:: TASK DIRECTIONS ::
Return the lines of the material below exactly, beginning with the line that has "Celine Selin Shell" in it and finishing with the line that has "52岁黎姿晒原生家庭全家福！其弟弟一度成为植物人，花11年站起来" in it. Leave all pictures aside.

AVAILABLE RECORDS section start

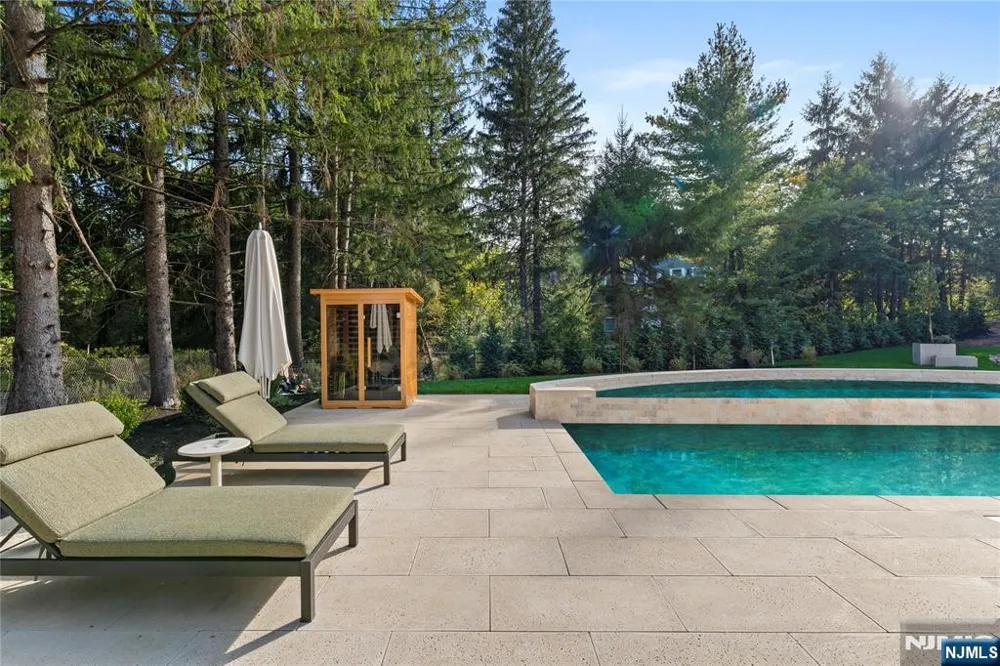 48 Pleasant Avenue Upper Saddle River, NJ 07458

AVAILABLE RECORDS section end
AVAILABLE RECORDS section start

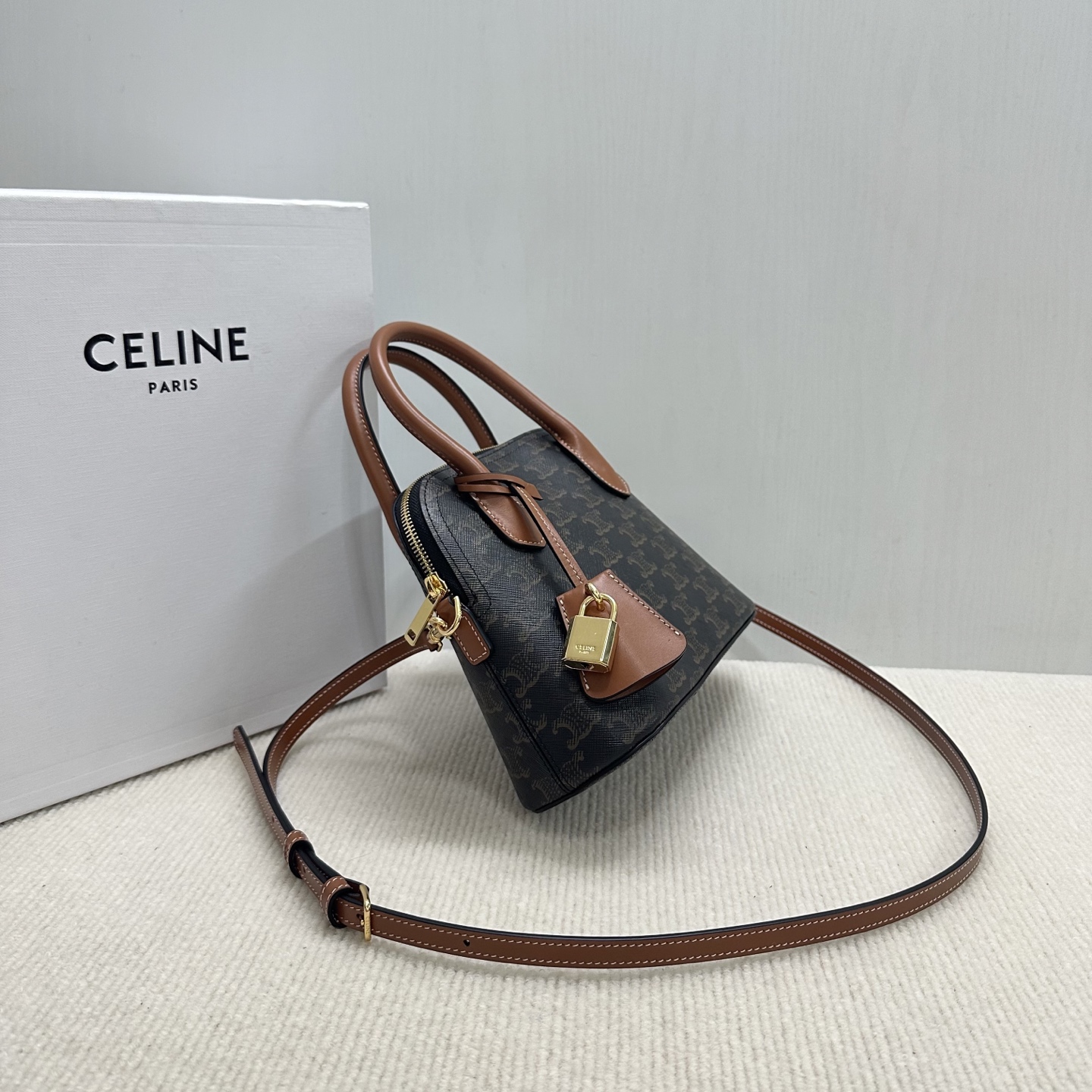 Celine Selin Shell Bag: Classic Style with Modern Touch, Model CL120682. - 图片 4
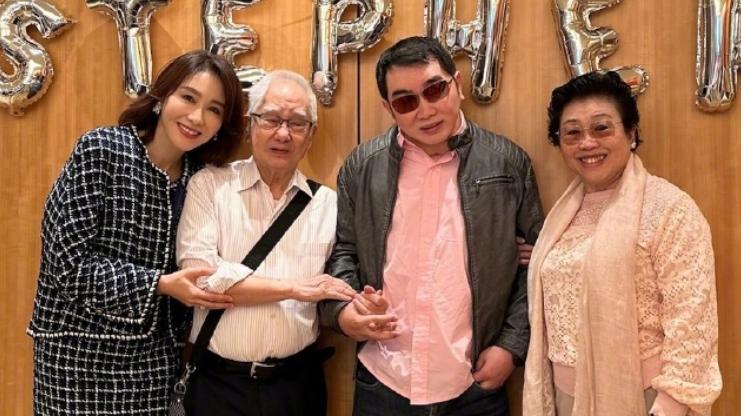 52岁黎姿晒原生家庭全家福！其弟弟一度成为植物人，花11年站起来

AVAILABLE RECORDS section end

:: EXERCISE RESPONSE ::
 Celine Selin Shell Bag: Classic Style with Modern Touch, Model CL120682. - 图片 4
 52岁黎姿晒原生家庭全家福！其弟弟一度成为植物人，花11年站起来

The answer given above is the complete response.